**TASK TO CARRY OUT**.
Extract each line of the data and write it out again exactly.

**RECORDS PROVIDED**.

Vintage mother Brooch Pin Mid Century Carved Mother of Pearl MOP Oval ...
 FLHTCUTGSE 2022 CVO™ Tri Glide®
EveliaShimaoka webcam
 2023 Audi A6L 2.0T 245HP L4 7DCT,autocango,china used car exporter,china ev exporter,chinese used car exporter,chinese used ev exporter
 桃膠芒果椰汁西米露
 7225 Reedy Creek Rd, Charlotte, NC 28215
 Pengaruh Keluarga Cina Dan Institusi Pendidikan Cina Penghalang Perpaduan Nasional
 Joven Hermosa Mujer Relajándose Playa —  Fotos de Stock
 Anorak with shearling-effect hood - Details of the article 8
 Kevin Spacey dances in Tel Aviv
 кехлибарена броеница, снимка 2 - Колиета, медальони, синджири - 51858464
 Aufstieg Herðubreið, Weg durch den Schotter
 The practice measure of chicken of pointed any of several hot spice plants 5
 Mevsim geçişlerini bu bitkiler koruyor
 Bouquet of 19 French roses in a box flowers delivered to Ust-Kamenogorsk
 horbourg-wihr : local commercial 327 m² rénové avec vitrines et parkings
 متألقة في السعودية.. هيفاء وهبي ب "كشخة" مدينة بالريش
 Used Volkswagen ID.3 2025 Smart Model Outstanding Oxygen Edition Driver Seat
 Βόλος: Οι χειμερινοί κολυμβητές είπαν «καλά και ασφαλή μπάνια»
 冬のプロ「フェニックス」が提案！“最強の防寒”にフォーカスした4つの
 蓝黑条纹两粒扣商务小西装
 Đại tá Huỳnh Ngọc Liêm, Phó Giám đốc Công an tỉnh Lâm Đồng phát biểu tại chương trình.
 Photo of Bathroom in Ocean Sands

**SOLUTION**.
Vintage mother Brooch Pin Mid Century Carved Mother of Pearl MOP Oval ...
 FLHTCUTGSE 2022 CVO™ Tri Glide®
EveliaShimaoka webcam
 2023 Audi A6L 2.0T 245HP L4 7DCT,autocango,china used car exporter,china ev exporter,chinese used car exporter,chinese used ev exporter
 桃膠芒果椰汁西米露
 7225 Reedy Creek Rd, Charlotte, NC 28215
 Pengaruh Keluarga Cina Dan Institusi Pendidikan Cina Penghalang Perpaduan Nasional
 Joven Hermosa Mujer Relajándose Playa —  Fotos de Stock
 Anorak with shearling-effect hood - Details of the article 8
 Kevin Spacey dances in Tel Aviv
 кехлибарена броеница, снимка 2 - Колиета, медальони, синджири - 51858464
 Aufstieg Herðubreið, Weg durch den Schotter
 The practice measure of chicken of pointed any of several hot spice plants 5
 Mevsim geçişlerini bu bitkiler koruyor
 Bouquet of 19 French roses in a box flowers delivered to Ust-Kamenogorsk
 horbourg-wihr : local commercial 327 m² rénové avec vitrines et parkings
 متألقة في السعودية.. هيفاء وهبي ب "كشخة" مدينة بالريش
 Used Volkswagen ID.3 2025 Smart Model Outstanding Oxygen Edition Driver Seat
 Βόλος: Οι χειμερινοί κολυμβητές είπαν «καλά και ασφαλή μπάνια»
 冬のプロ「フェニックス」が提案！“最強の防寒”にフォーカスした4つの
 蓝黑条纹两粒扣商务小西装
 Đại tá Huỳnh Ngọc Liêm, Phó Giám đốc Công an tỉnh Lâm Đồng phát biểu tại chương trình.
 Photo of Bathroom in Ocean Sands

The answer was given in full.